Yes, I regret that I weirdo haughty, arrogant, and at times, down right boorish. If you ask the others, they will confirm that I was pretty weird. When the group broke up I cited the "Ten Principles of Liberalism"--my "proper" treatise on reasons why the group had broken up. But by that time, nobody was listening. Why all this madness? Well, just look at what was going in the world--utter chaos. The old world order was heaving, going through dying pains, at the anxious behest of the new world (yuppie/chuppie/puppie) order. In 1968, two major assassinations, MLK and Kennedy. In 1968-69 there were riots around the world (I caught a little of that in East Menlo Park one night, Dec 1968), the younger generation was rebelling against the old. The Civil Rights movement had galvanized millions of inner city and suburb youth. Car stickers boldly screamed, "EAT THE RICH!" We in FRITZ were a microcosm of the world. To my mind, FRITZ was often the example of the proletarian war between the classes. Perhaps I took that a little too far!! There were wrong assumptions made on both sides. But we were kids, basically, acting out separate roles as wannabe adults.

Perhaps this is too personal - if you don't want to answer or can't answer, please just ignore this. A lot of Lindsey's solo work has been informed by references to his father, his father's musical tastes, etc. His father passed in 1973 from what I've read. You mentioned above that Lindsey's parents generally were very supportive -- might you have any further impressions of Mr. Buckingham to share? Did that seem to be an especially close relationship from what you may have observed? (Les, San Diego, CA, USA)

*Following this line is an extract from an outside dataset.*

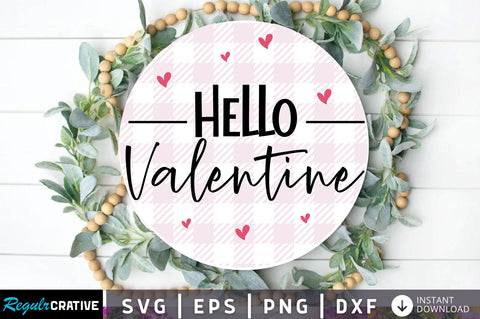 Hello valentine Svg Design SVG Regulrcrative 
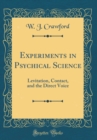 Image for Experiments in Psychical Science: Levitation, Contact, and the Direct Voice (Classic Reprint)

I have fond memories of Mr Buckingham. He was a great Dad to his sons, always finding time to engage them in sports or whatever. He was very supportive of the band. He did not at all fill the stereotype of the "rich snob." If he had been, I don't think FRITZ would have survived. In the first two years, we depended a lot on the Buckingham's garage for our early rehearsals. He was very down to earth, a gentleman, a kind and generous soul. Both he and Mrs. Buckingham were very friendly to the rest of us in the band. I will never forget that. That's why I said earlier, the Buckinghams were a decent family.

I recall reading an interview once where Lindsey said it took him a few years (until maybe '79) to really feel comfortable and confident onstage with Fleetwood Mac, so that he wasn't hovering in the background so much. When he did regain that confidence level, he developed quite a unique stage presence and the press began taking note. He specifically said that he'd been much more confident in Fritz and it just took him quite a while to feel confident enough to show it again in FM. Do you recall Lindsey being a particularly charismatic performer in Fritz? or was he shy on stage?? Any impressions you remember? Thanks. (Les, San Diego, CA, USA)

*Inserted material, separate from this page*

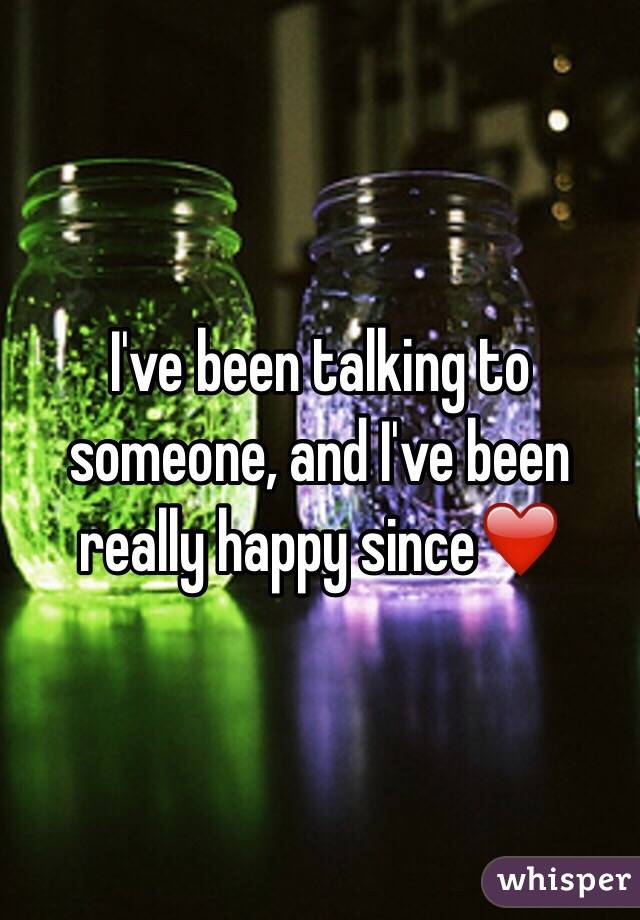 I've been talking to someone, and I've been really happy since❤️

Perhaps he was thinking that "he was not worthy," being with the "semidemigods" of Fleetwood Mac on the same stage, I dunno. Absolutely, Fritz brought out the "ham" in Linds. He sang on a lot of numbers. It was mostly Lindsey and Stevie, out front with the majority of vocals. I only sang one or (at most) two numbers. God gave me wonderful writing talents, but not a voice. How was my voice? Well, when I was younger I could imitate Eric Burdon and later, Mick Jagger. So try "gravel voice," for a description! I was good mainly at background, chorus, harmony. On the other hand, Lindsey had the strongest voice, he could handle lines that were higher than Stevie's own range!! In three-part harmonies, Stevie often did the middle range, while Linds took the high notes! He could converse with the audience, as well. He was never inhibited, except maybe in the first year or so, but remember, this was his first band. After summer of '67 he and Stevie did most of the announcing, and they did a good job of communicating with the audience. Usually it was Lindsey at the microphone, greeting people and introducing numbers. He could also be a little haughty if he wanted to. For instance, if the audience wasn't overly receptive at first, Linds would cull them out of their collective larvaes by saying silly things to challenge them, or whatever it took to get their attention.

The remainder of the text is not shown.